High school counselling offices are busy with the sounds of college this week. PSAT results are being returned, leading juniors to wonder about the next steps in their exploration of college. Meanwhile, seniors are starting to hear back from their colleges, especially the students applying through Early Action or Early Decision plans, where students organized enough to apply sooner, hear back from colleges sooner.
The busyness of this week seems to be as old as college itself, but even as this annual ritual plays itself out to a new audience, cracks in this traditional system are rising to the surface. A detailed piece in The Chronicle of Higher Education spelled out the challenges faced by students whose applications for financial aid are flagged for verification by the US government. On the one hand, most of these applications include unusual situations that often need to be investigated, to make sure they accurately represent the student’s need. On the other hand, it should be no surprise that a vast majority of these students come from low-income backgrounds, and they aren’t used to having outside parties ask about their finances. Combined with the second- , third-, and fourth-requests that are often part of the verification process, it’s no wonder many students flagged for review decide the process—and therefore college-- isn’t worth it.
Verification is just one of many parts of the college application process that’s been brought up for scrutiny and review this year. Colleges using ACT or SAT test scores have generally asked students to submit official copies of the results—copies students typically have to pay for. Dozens of colleges have changed that policy this fall, giving students the option of self-reporting their scores. Many have put this policy into effect immediately, saving students hundreds of dollars, while costing testing companies thousands, if not millions, of dollars. Combined with colleges who are allowing students to self-report their grades, the process of applying to college is becoming more of the work of the student, and less the task of coordinating the work of others.

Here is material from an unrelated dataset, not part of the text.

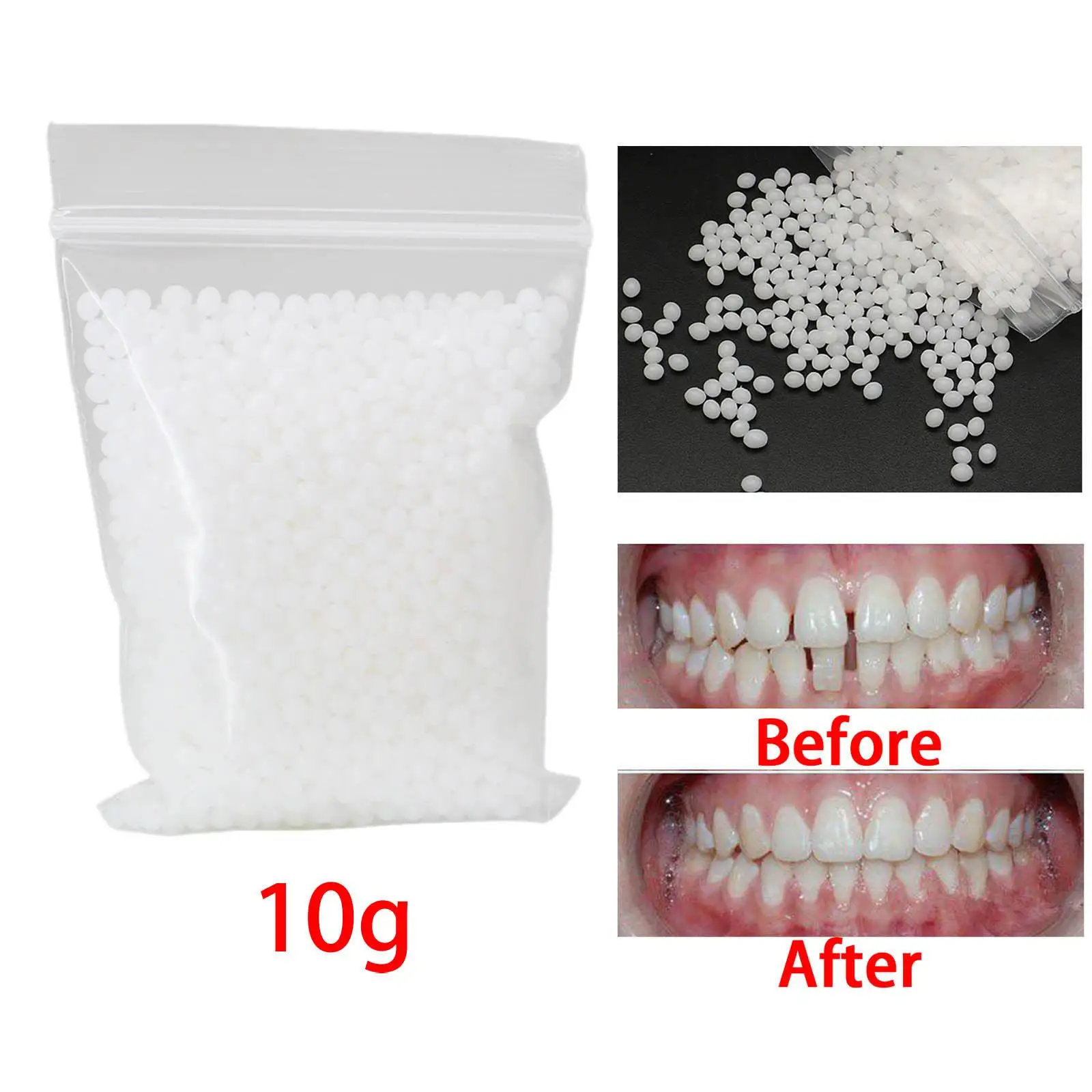 50g/100g Temporary Tooth Repair kit for Fix Filling the Missing Broken  Tooth and Gaps, Moldable Fake Teeth Veneers and Thermal Beads Replacement  Kit, Artificial Teeth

Early Action and Early Decision programs are also under review, as many colleges admit as high as half of their students through an early program. While data is lacking, there is a clear impression that more of the students applying to early programs come from high schools with more counseling services—schools that tend to be in higher income communities. Low-income students who do apply early often run the risk of having to accept the financial aid offer of the Early Decision school that admits them without having the opportunity to compare offers from other college. If they decide to compare the offers of several schools by waiting to apply Regular Decision, they run the risk of applying in a larger applicant pool, decreasing their chances of admission.
These challenges make it clear that changes in the college selection process could create new opportunities for students—but not everyone is in agreement about what those changes should be. Advocates for test optional schools insist that reform lies in less testing, while accountability advocates insist the only way to track academic success is through more testing. Suggestions that some students should defer college for a brief stint in the world of work—an experience that could increase their understanding of the value of college—are rebuffed by those who insist that students won’t go back to being students, once they know the feeling of having a regular paycheck.
Meanwhile, thousands of students are waiting to hear from colleges with news that could change their lives—proof that not all change is bad.